The problem >> Repeat all of the data exactly. Leave nothing out.

--- Stored data ---

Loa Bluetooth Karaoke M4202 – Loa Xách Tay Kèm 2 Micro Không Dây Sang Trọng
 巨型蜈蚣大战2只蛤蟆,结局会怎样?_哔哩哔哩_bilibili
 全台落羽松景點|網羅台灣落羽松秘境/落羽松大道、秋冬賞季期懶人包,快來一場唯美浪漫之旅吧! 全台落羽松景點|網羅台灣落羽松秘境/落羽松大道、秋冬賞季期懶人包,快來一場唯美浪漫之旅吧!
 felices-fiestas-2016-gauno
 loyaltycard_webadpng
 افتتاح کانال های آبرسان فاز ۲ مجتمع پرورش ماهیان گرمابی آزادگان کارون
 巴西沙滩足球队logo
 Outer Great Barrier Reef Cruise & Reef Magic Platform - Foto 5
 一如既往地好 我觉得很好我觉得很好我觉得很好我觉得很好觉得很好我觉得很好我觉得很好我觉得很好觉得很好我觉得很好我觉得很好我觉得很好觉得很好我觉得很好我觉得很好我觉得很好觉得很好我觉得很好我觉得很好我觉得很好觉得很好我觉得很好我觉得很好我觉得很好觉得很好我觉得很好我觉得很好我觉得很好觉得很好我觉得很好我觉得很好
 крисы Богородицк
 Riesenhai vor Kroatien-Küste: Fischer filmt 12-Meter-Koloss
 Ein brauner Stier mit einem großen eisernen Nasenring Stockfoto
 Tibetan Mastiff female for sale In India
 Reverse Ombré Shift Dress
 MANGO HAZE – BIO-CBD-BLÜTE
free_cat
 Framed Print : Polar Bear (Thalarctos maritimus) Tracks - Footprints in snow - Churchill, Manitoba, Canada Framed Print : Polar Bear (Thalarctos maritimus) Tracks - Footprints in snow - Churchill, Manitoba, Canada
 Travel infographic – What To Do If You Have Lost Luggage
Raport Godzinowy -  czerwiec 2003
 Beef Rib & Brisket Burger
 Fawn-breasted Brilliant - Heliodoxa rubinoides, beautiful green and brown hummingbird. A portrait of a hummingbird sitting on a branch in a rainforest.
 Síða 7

---

Reply >>
Loa Bluetooth Karaoke M4202 – Loa Xách Tay Kèm 2 Micro Không Dây Sang Trọng
 巨型蜈蚣大战2只蛤蟆,结局会怎样?_哔哩哔哩_bilibili
 全台落羽松景點|網羅台灣落羽松秘境/落羽松大道、秋冬賞季期懶人包,快來一場唯美浪漫之旅吧! 全台落羽松景點|網羅台灣落羽松秘境/落羽松大道、秋冬賞季期懶人包,快來一場唯美浪漫之旅吧!
 felices-fiestas-2016-gauno
 loyaltycard_webadpng
 افتتاح کانال های آبرسان فاز ۲ مجتمع پرورش ماهیان گرمابی آزادگان کارون
 巴西沙滩足球队logo
 Outer Great Barrier Reef Cruise & Reef Magic Platform - Foto 5
 一如既往地好 我觉得很好我觉得很好我觉得很好我觉得很好觉得很好我觉得很好我觉得很好我觉得很好觉得很好我觉得很好我觉得很好我觉得很好觉得很好我觉得很好我觉得很好我觉得很好觉得很好我觉得很好我觉得很好我觉得很好觉得很好我觉得很好我觉得很好我觉得很好觉得很好我觉得很好我觉得很好我觉得很好觉得很好我觉得很好我觉得很好
 крисы Богородицк
 Riesenhai vor Kroatien-Küste: Fischer filmt 12-Meter-Koloss
 Ein brauner Stier mit einem großen eisernen Nasenring Stockfoto
 Tibetan Mastiff female for sale In India
 Reverse Ombré Shift Dress
 MANGO HAZE – BIO-CBD-BLÜTE
free_cat
 Framed Print : Polar Bear (Thalarctos maritimus) Tracks - Footprints in snow - Churchill, Manitoba, Canada Framed Print : Polar Bear (Thalarctos maritimus) Tracks - Footprints in snow - Churchill, Manitoba, Canada
 Travel infographic – What To Do If You Have Lost Luggage
Raport Godzinowy -  czerwiec 2003
 Beef Rib & Brisket Burger
 Fawn-breasted Brilliant - Heliodoxa rubinoides, beautiful green and brown hummingbird. A portrait of a hummingbird sitting on a branch in a rainforest.
 Síða 7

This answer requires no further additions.